Copy the lines below, word for word, from the first through the line containing "adidas Handball Spezial, adidas". Leave the pictures out.

[Crawled caption data]
-------------------------

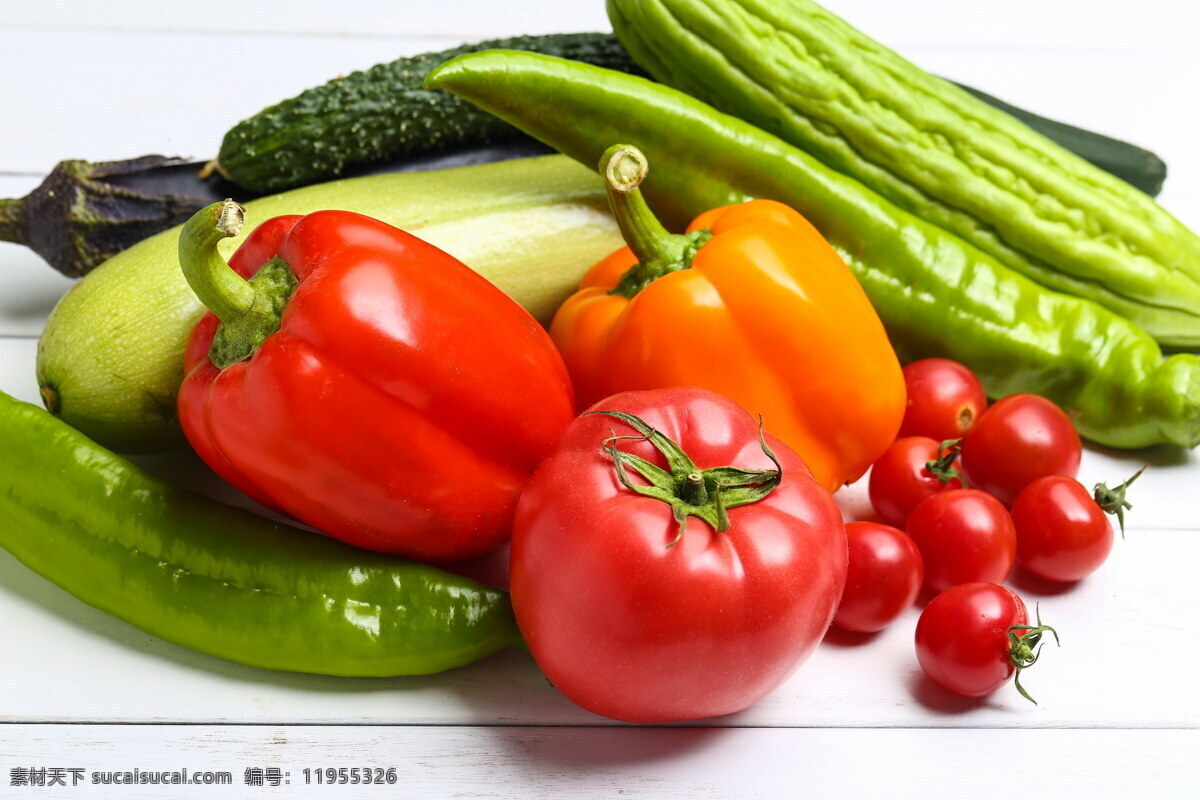 瓜果 蔬菜 番茄 苦瓜 辣椒 鲜艳 红绿 新鲜蔬菜 餐饮美食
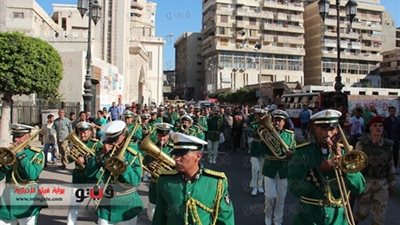 الفرقة الموسيقية العسكرية تعزف الأغاني الوطنية أمام لجنة الوافدين بالدقي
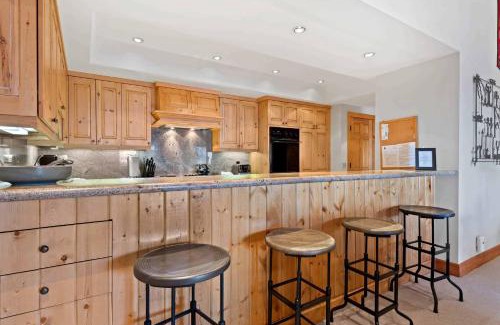 Vail Apartment | Villa Cortina 330 by East West Hospitality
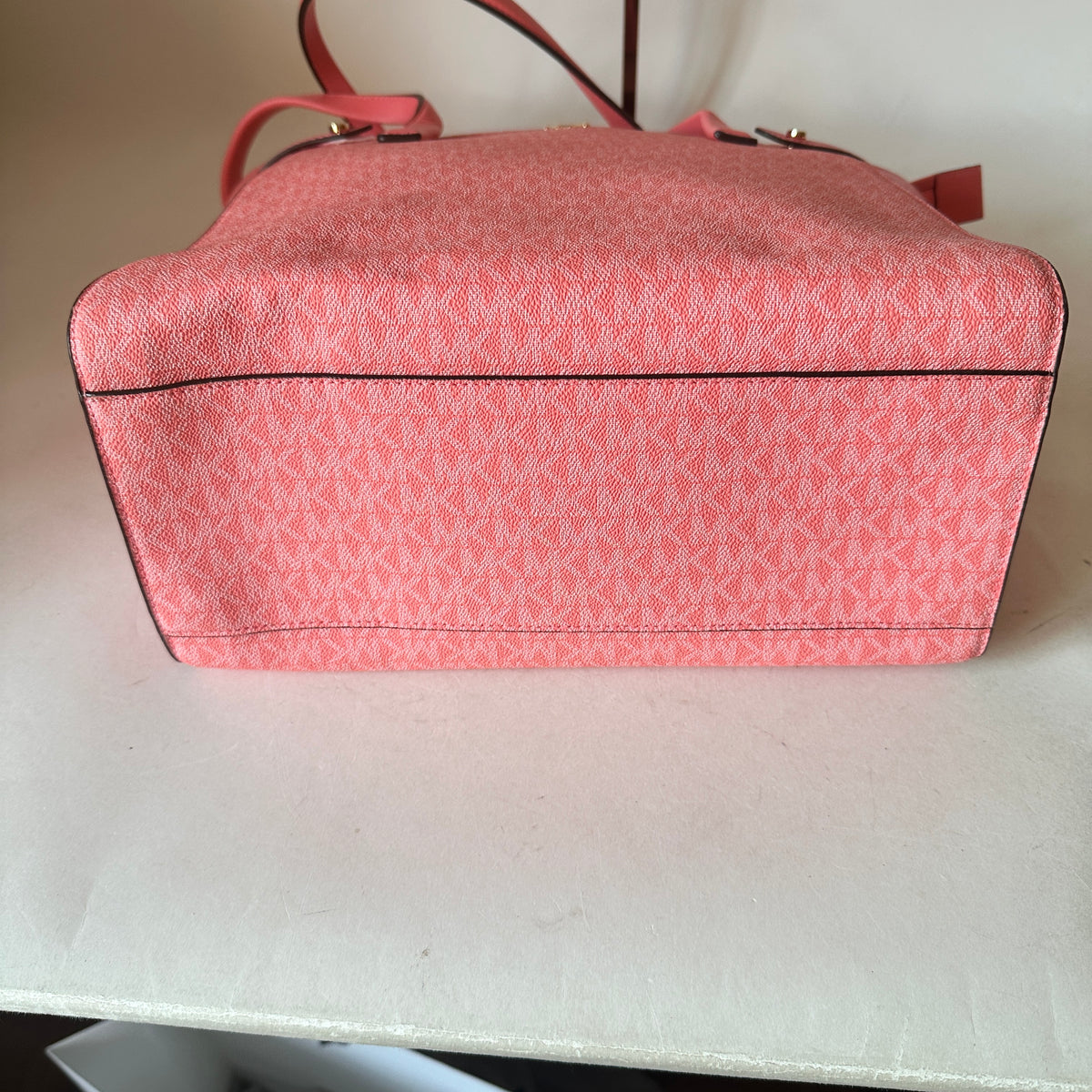 Carmen Large Leather Satchel - Grapefruit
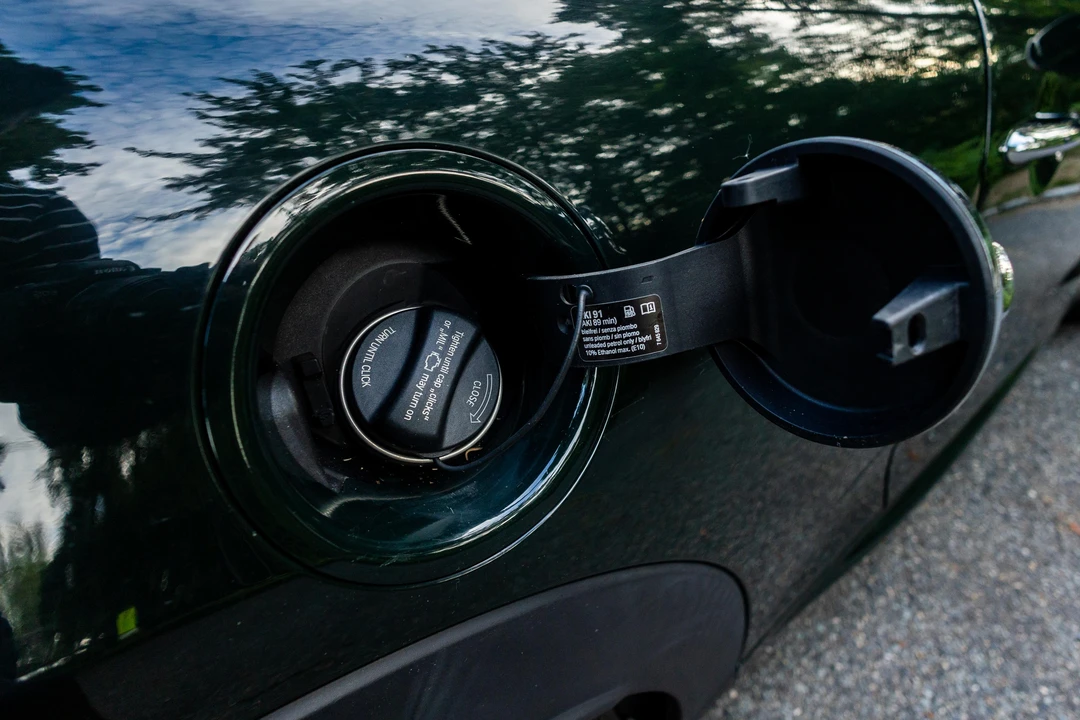 2016 Mini Mini John Cooper Works 3rd Gen - Image 30 of 31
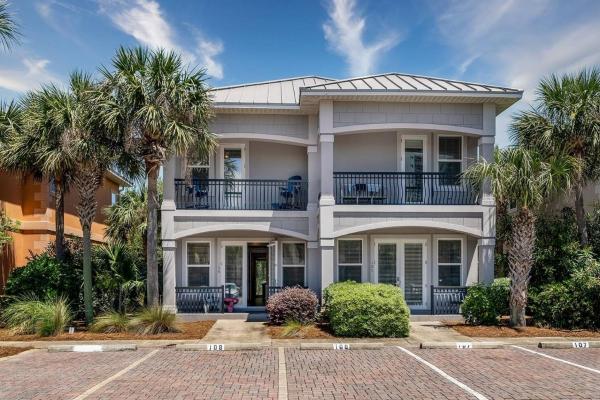 Miramar Beach Villas 108 - Seaside Getaway, Buchen Sie Hotel Hotels in Emerald Coast mit Pool, Schwimmbad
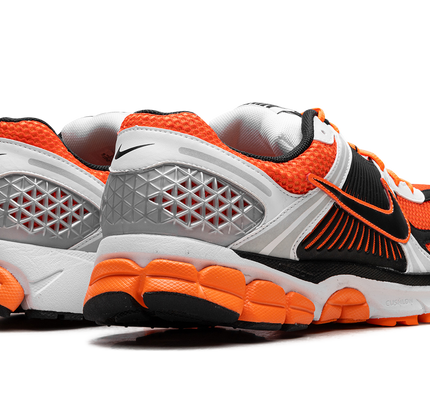 Nike Zoom Vomero 5 "Total Orange"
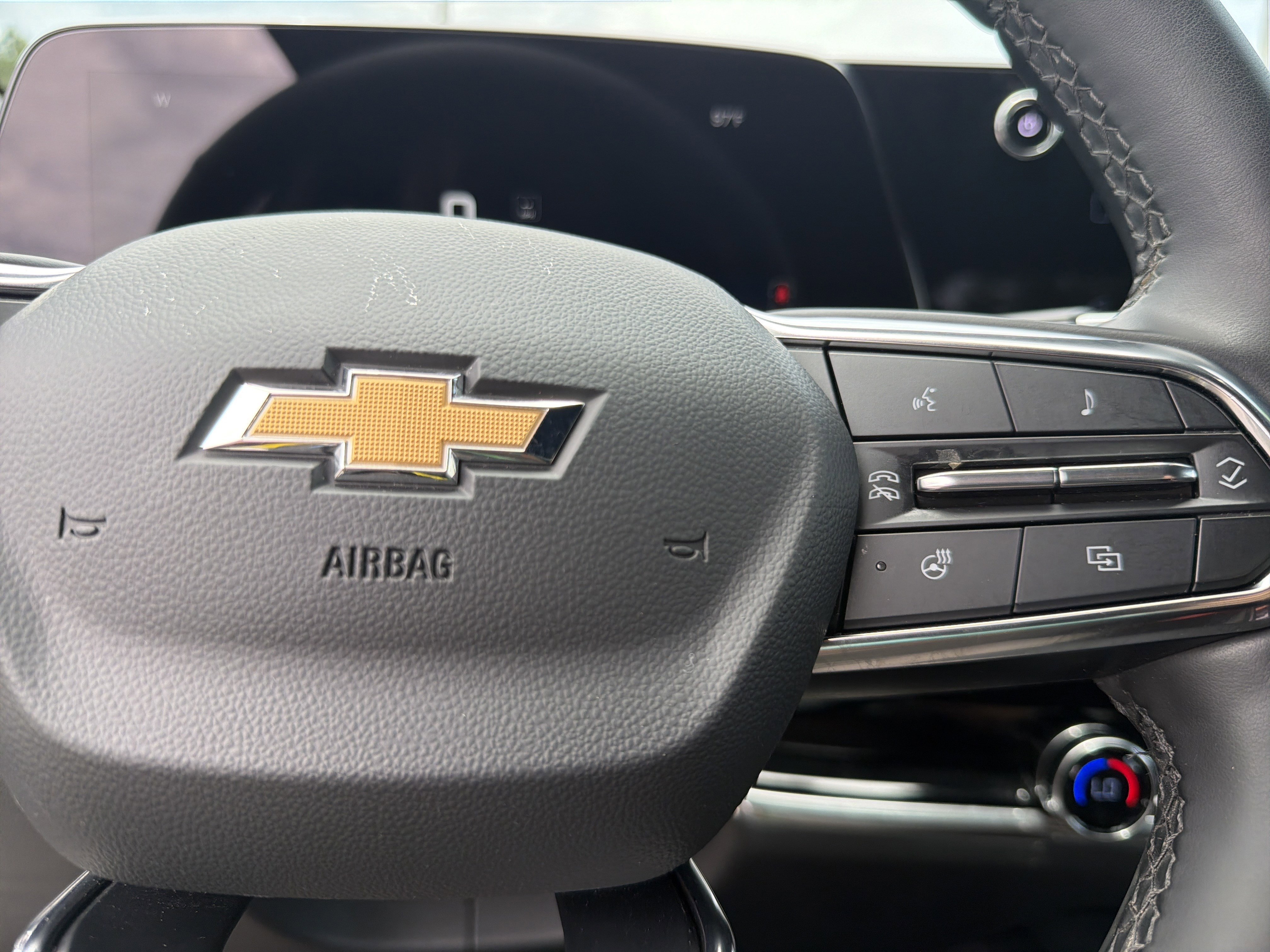 Used 2025 Sterling Gray Metallic Chevrolet LT image 10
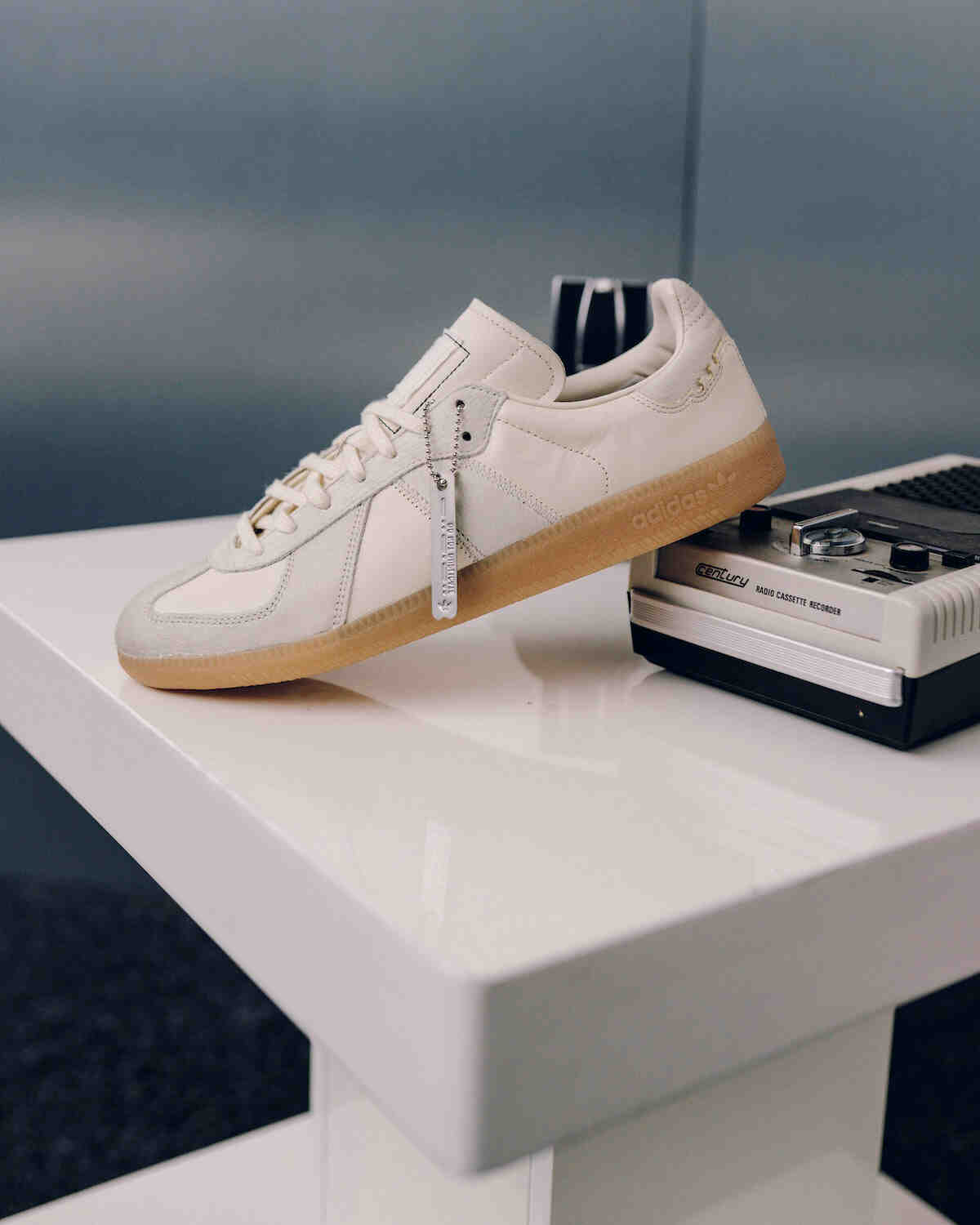 adidas Handball Spezial, adidas F50, adidas BW Army, adidas - 惠特克集團和 adidas Originals 推出 "杜絕重復 "系列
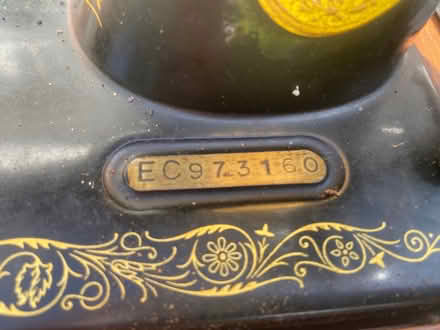 Photo of free Vintage singer sewing machine (Hove Station area BN3) #4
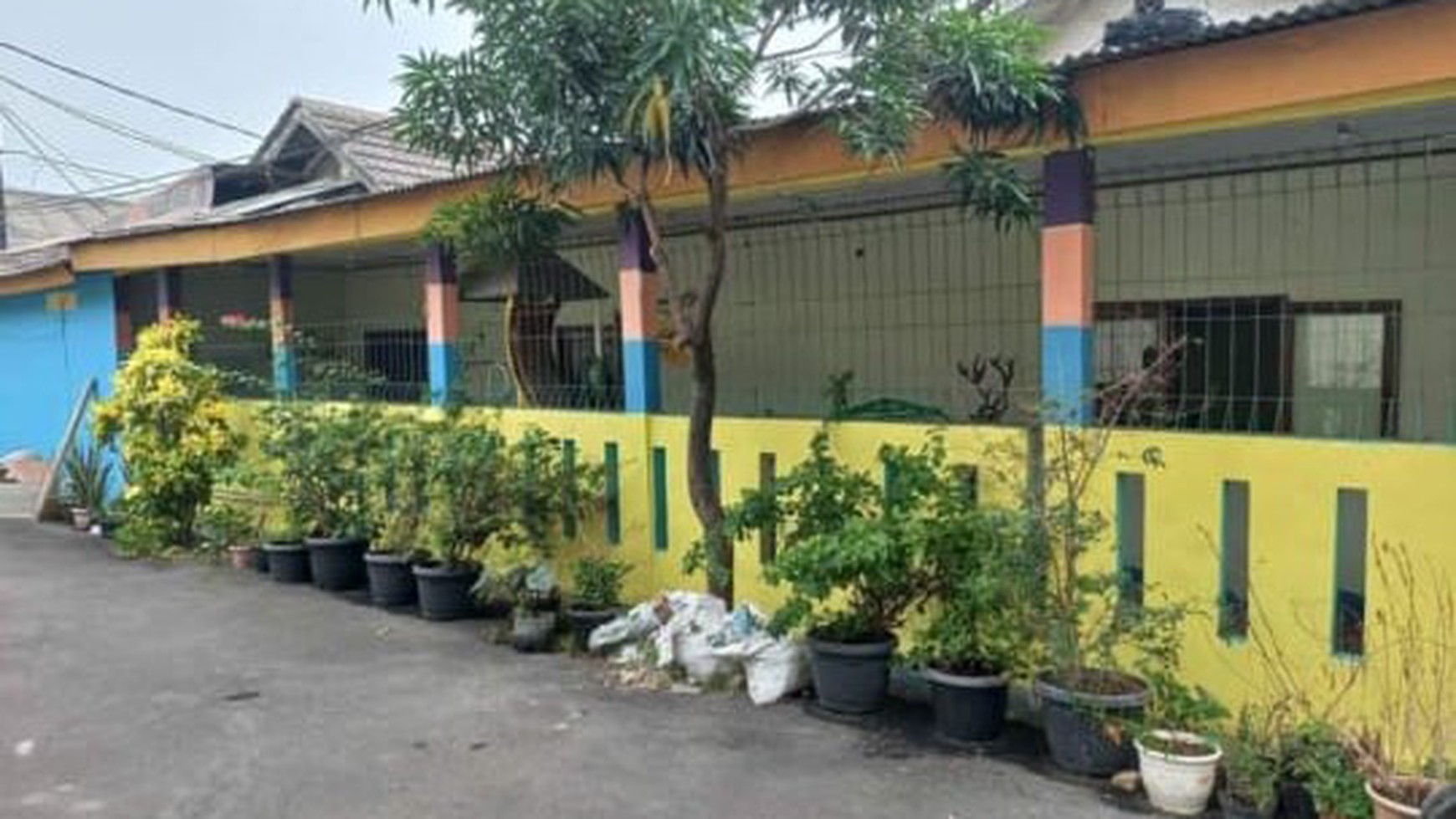 Dijual Rumah Untuk Usaha Taman Harapan Baru Bekasi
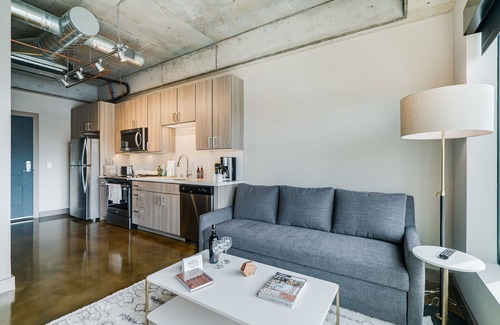 Warehouse District Condo | Sable 607 - Alcove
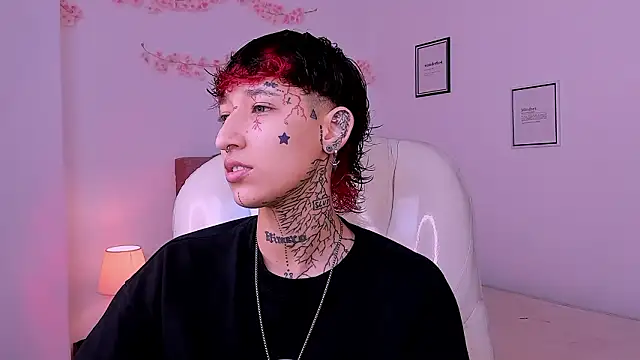 Luci Rose online show from March 13, 6:42 pm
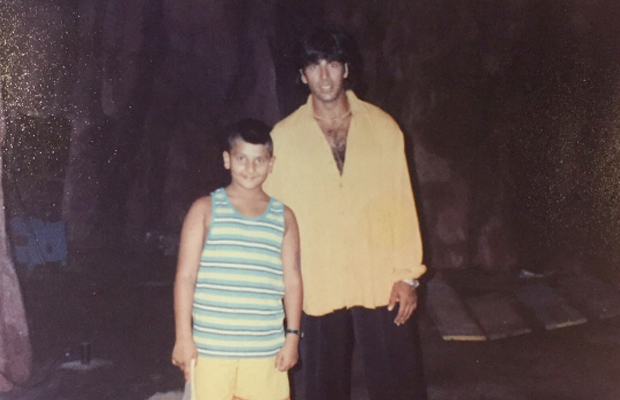#Throwback Picture: Guess This Bollywood Actor With Akshay Kumar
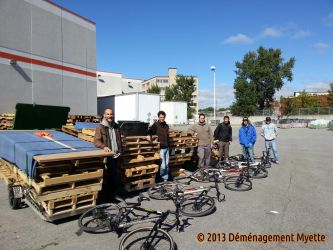 Collecte de palettes pour Écolo-Boulot par des déménageurs bénévoles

-------------------------

- _ANSWER_:
 瓜果 蔬菜 番茄 苦瓜 辣椒 鲜艳 红绿 新鲜蔬菜 餐饮美食
 الفرقة الموسيقية العسكرية تعزف الأغاني الوطنية أمام لجنة الوافدين بالدقي
 Vail Apartment | Villa Cortina 330 by East West Hospitality
 Carmen Large Leather Satchel - Grapefruit
 2016 Mini Mini John Cooper Works 3rd Gen - Image 30 of 31
 Miramar Beach Villas 108 - Seaside Getaway, Buchen Sie Hotel Hotels in Emerald Coast mit Pool, Schwimmbad
 Nike Zoom Vomero 5 "Total Orange"
 Used 2025 Sterling Gray Metallic Chevrolet LT image 10
 adidas Handball Spezial, adidas F50, adidas BW Army, adidas - 惠特克集團和 adidas Originals 推出 "杜絕重復 "系列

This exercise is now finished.